Hi Francisco,
Just my 2cents on your kernel, I ve learned that pow should be avoid (in
my old days ;-) ). Just try:
distance=sqrt((pos_x[i]-x)*(pos_x[i]-x)+(pos_y[i]-y)*(pos_y[i]-y)+(pos_z[i]-z)*(pos_z[i]-z));
and to limit memory acces (but the compiler should do it by himself):
tmpx=(pos_x[i]-x);tmpy=(pos_y[i]-y);tmpz=(pos_z[i]-z);
distance=sqrt(tmpx*tmpx+tmpy*tmpy+tmpz*tmpz);
I am really sorry but I can't test it, so if it is stupid feel free to
tell me.
Pierre.
Le jeudi 05 avril 2012 à 22:30 +0200, Francisco Villaescusa Navarro a
écrit :
> Hi all,
>
>
> I have implemented your suggestions by writing (in my problem I have
> an array with positions (pos_x, pos_y, pos_,z), and I want to compute
> the distances of that set of particles to another one located at
> (x,y,z), and make an histogram of that distribution of distances)
>
>
> distances_gpu_template = """
> __global__ void dis(float *pos_x, float *pos_y, float *pos_z, float x,
> float y, float z, int size, int *aux)
> {
> unsigned int idx = blockIdx.x*blockDim.x+threadIdx.x;
> unsigned int idy = blockIdx.y*blockDim.y+threadIdx.y;
> unsigned int id = idy*gridDim.x*blockDim.x+idx;
> int i,bin;
> const uint interv = %(interv)s;
> float distance;
>
>
> for(i=id;i<size;i+=blockDim.x){
>
> distance=sqrt(pow(pos_x[i]-x,2)+pow(pos_y[i]-y,2)+pow(pos_z[i]-z,2));
> bin=(int)(distance*interv/sqrt(3.01));
> aux[id*interv+bin]+=1;
> }
> }
> """
>
>
> reduction_gpu_template = """
> __global__ void red(int *aux, int *his)
> {
> unsigned int idx = blockIdx.x*blockDim.x+threadIdx.x;
> unsigned int idy = blockIdx.y*blockDim.y+threadIdx.y;
> unsigned int id = idy*gridDim.x*blockDim.x+idx;
> const uint interv = %(interv)s;
>
>
> for(int i=0;i<512;i++){
> his[id]+=aux[id+interv*i];
> }
> }
> """
>
>
> The code runs and generate the same results as numpy.histogram,
> although I can only speed up the calculation by a factor 10-15,
> whereas I expected this factor to be close to 100 for big arrays.
>
>
> Do you think that there could be a better approach to the problem?

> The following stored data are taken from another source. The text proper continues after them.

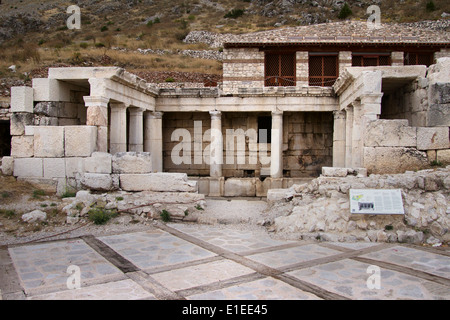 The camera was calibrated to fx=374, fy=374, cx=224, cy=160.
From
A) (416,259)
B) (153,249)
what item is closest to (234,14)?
(153,249)

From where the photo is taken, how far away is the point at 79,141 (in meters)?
9.95

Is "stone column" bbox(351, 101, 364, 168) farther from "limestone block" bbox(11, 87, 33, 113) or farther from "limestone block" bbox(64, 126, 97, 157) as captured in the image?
"limestone block" bbox(11, 87, 33, 113)

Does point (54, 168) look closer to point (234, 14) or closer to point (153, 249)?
point (153, 249)

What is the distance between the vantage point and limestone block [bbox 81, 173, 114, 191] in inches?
383

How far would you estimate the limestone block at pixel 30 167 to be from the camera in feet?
33.1

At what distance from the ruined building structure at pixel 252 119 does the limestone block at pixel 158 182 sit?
0.03 m

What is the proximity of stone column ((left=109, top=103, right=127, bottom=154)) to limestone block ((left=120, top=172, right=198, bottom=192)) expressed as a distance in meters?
1.98

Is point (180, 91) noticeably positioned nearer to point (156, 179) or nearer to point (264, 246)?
point (156, 179)

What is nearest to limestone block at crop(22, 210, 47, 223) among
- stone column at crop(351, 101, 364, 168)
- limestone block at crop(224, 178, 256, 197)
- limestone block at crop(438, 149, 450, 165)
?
limestone block at crop(224, 178, 256, 197)

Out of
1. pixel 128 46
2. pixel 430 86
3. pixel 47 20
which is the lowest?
pixel 430 86

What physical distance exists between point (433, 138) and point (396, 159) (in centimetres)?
104

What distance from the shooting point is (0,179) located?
32.0 ft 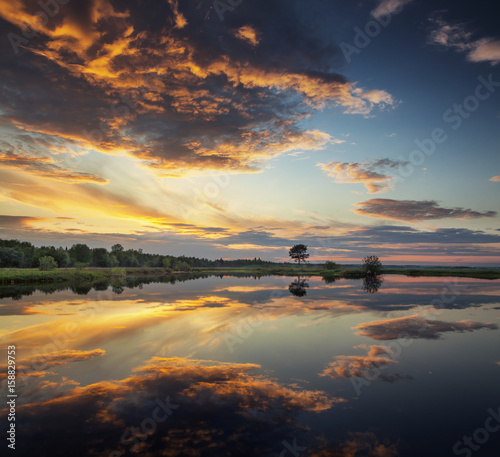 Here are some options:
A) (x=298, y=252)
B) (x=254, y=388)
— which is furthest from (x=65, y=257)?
(x=254, y=388)

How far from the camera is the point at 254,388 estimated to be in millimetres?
11859

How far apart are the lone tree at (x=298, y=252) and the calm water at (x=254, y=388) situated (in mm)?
141472

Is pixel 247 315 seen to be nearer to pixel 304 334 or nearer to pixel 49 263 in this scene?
pixel 304 334

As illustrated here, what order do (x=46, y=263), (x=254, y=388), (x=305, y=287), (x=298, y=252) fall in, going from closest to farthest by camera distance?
(x=254, y=388), (x=305, y=287), (x=46, y=263), (x=298, y=252)

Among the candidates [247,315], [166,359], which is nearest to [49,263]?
[247,315]

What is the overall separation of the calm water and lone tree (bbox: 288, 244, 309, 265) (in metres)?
141

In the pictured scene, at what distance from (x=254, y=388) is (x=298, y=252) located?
157 metres

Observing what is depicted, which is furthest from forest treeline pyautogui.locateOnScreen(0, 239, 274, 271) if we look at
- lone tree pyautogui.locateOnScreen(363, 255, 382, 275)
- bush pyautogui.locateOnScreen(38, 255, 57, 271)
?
lone tree pyautogui.locateOnScreen(363, 255, 382, 275)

> Would be faster to compute the matrix of values with several blocks
> instead of the only one I'm using here (my GPU has 512 "cores")?
>
>
> I have also checked whether make the reduction with the GPU or the CPU
> changes results, but the answer is not, since it is a very quick
> operation, and as long as it only has to be made once, no matter
> which, GPU or CPU, unit use.
>
>
> Fran.
>
>
>
> El 04/04/2012, a las 23:07, David Mertens escribió:
>
> > On Wed, Apr 4, 2012 at 3:51 PM, Pazzula, Dominic J
> > <[email protected]> wrote:
> > Basically, yes. Each block calculates its own histogram.

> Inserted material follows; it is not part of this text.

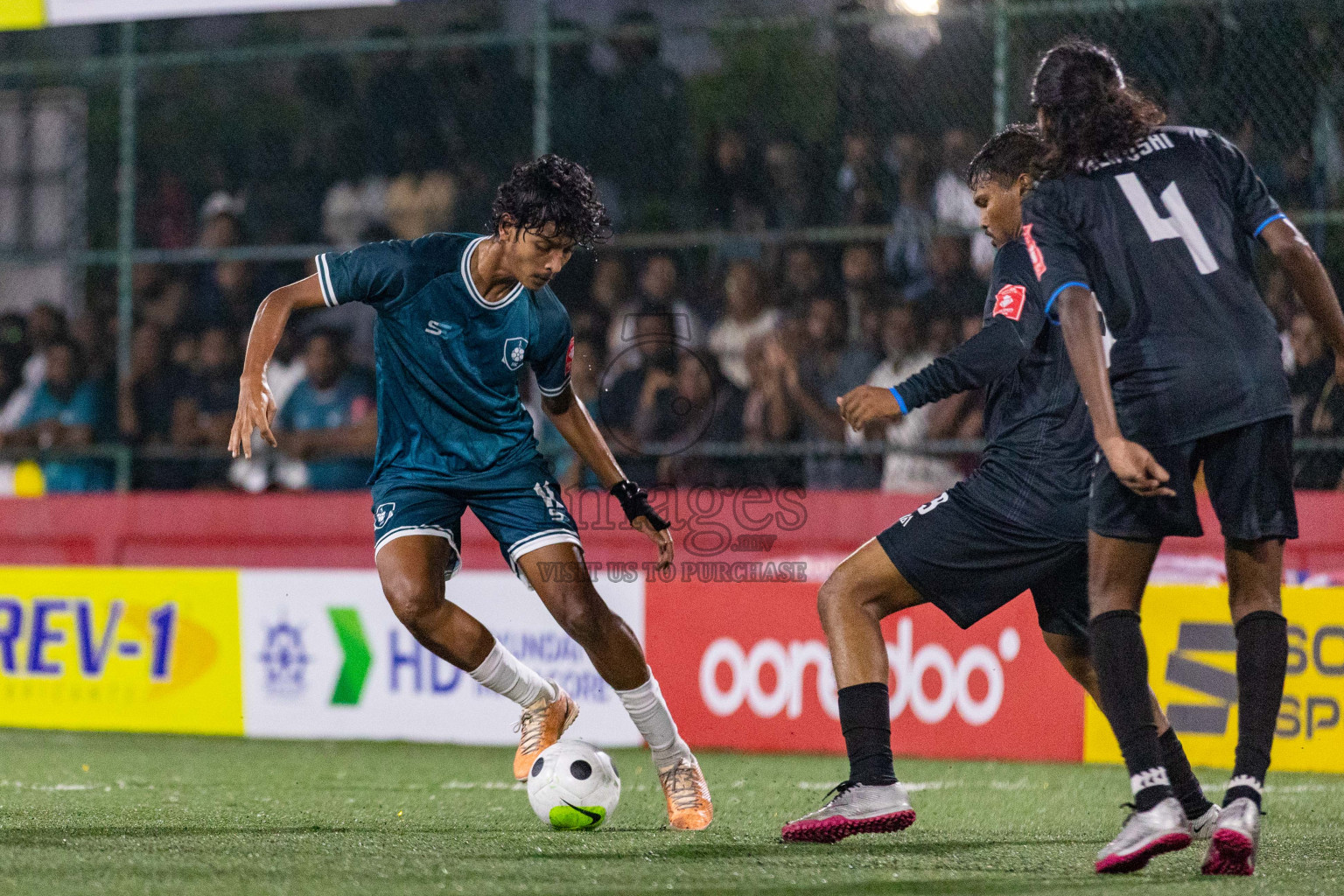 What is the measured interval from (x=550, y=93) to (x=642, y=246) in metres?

> > Each block returns an array with the histogram for that
> > block. On the CPU sum up those “sub” histograms into the
> > final.
> >
> >
> >
> > I'm not so sure that performing the reduction on the CPU is the
> > right way here. But I could be wrong. If you really want to tackle
> > the problem, you should try the reduction on both the GPU and the
> > CPU and benchmark the results.
> >
> >
> >
> >
> > From: Francisco Villaescusa Navarro
> > [mailto:[email protected]]
> > Sent: Wednesday, April 04, 2012 3:49 PM
> > To: Pazzula, Dominic J [ICG-IT]
> > Cc: 'David Mertens'; 'Francisco Villaescusa Navarro';
> > '[email protected]'
> >
> >
> > Subject: Re: [PyCUDA] Histograms with PyCUDA
> >
> >
> >
> >
> > Thanks a lot for the replies!
> >
> >
> >
> >
> > I'm not sure to fully understand what you say, so please,
> > let me say it with my own words (if I'm wrong please let me
> > know):
> >
> >
> >
> >
> >
> > I transfer the array with the numbers I want to grid to the
> > GPU. Over each element of that array I overwrite the value
> > of the bin that corresponds to that array's element and I
> > return that array (containing integer numbers with the
> > positions of the bins) to the CPU where I make the
> > reduction.
> >
> >
> >
> > The first half of what you said isn't quite what I proposed. I had
> > in mind that you would allocate a new set of memory on the device
> > with size N_blocks x N_bins. You would have to perform atomic
> > operations on the bin increments, which isn't great for performance
> > because you could serialize multiple updates on the same bin, but at
> > least you're distributing those atomic operations across many
> > processors rather than on a single CPU. Proper bin size is critical
> > for good performance: if your bins are too big, you'll essentially
> > end up with serialized updates. If the bins are too small, you'll
> > allocate far more memory than you need.
> >
> >
> >
> > El 04/04/2012, a las 22:34, Pazzula, Dominic J escribió:
> >
> >
> >
> >
> > Exactly what I was about to propose. Doing the reduction
> > would probably be faster on the CPU. NumPy + MKL would
> > thread what is essentially a series of element-wise array
> > additions.
> >
> >
> >
> > Actually, I would argue that the reduction of the binning from
> > N_blocks x N_bins down to a single histogram of size N_bins would be
> > very well suited for a parallel implementation, better suited than
> > the binning operation, and should be much faster on the GPU than the
> > CPU. It also saves you on data transfer back to the CPU when you're
> > done.
> >
> > David
> >
> >
> > --
> > "Debugging is twice as hard as writing the code in the first place.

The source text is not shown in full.